The pins are 5/8" OD stainless both front and rear, but the rears had a slightly thinner wall thickness and I had to buy more than I needed of both sizes-if anyone needs pins, let me know. I found the stainless in short lengths on...... amazon.com. Crazy. Ted also mentioned (as does the Igus site) that if the pins are too smooth it will shorten the bushing life-a certain amount of roughness is needed to activate the solid lubricants in the bushing material. I'll have to ask them about the finish on the stainless, might need to be roughed up a bit.

Rears:









Front:










I picked up a USA-made White Industries crankset to replace the TNT, a replacement left arm is proving impossible to find and I'm probably too heavy for it anyway. Ebay offered up the exact TNT oversize Ti front hub I needed, but someone pulled the BIN trigger before I found it....bah. An M950/Bontrager Valiant will do the trick until another pops up.

The bushings in the Judys are shot, but I have an early 80mm SID on there now and an 80mm Duke XC ready to go if the Sid is too flexy for my weight.

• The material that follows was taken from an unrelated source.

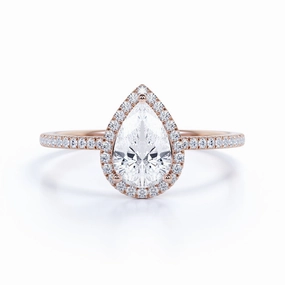 High-End Adornment Gentle Balance Halo 1.50 Carat Pear Cut Moissanite Engagement Ring Set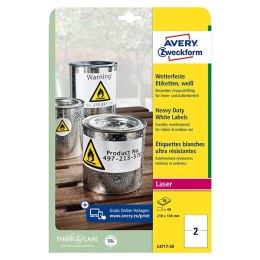 Avery Zweckform etykiety 210mm x 148mm, A4, matowe, białe, 2 etykiety, bardzo trwałe, pakowane po 20 szt., L4717-20, do drukarek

I do like the yellow on the front though with the Judy, and the Englund kit in it is still kicking, might be worth doing the bushings and putting the front back to 'stock'.

I'll post up more pics after the bushings arrive and I have some time to get it back together.


----------



## schneidw (Mar 8, 2005)

What a great ride..... I alwasy admired TW bikes.... BTW, I have a Sachs New Success rear derailler laying around to match the front one on your TW...


----------



## GMF (Jan 10, 2004)

TW bikes have always been one of my favorites, too... I've also always thought a classic mac strut like these is the best looking full suspension bike there is. Maybe not the best performing, but just looks like a bad ass bike.


----------



## Shogun700 (Jun 15, 2009)

schneidw said:


> What a great ride..... I alwasy admired TW bikes.... BTW, I have a Sachs New Success rear derailler laying around to match the front one on your TW...


Thanks for the offer. Unfortunately the front derailleur is shot (lots of play). I'll probably just put an M950/51 to match the rest of the drivetrain. It's puzzling to see that orphan FD on there, I'll have to ask Mr. Wojcik if there is any record of the original build.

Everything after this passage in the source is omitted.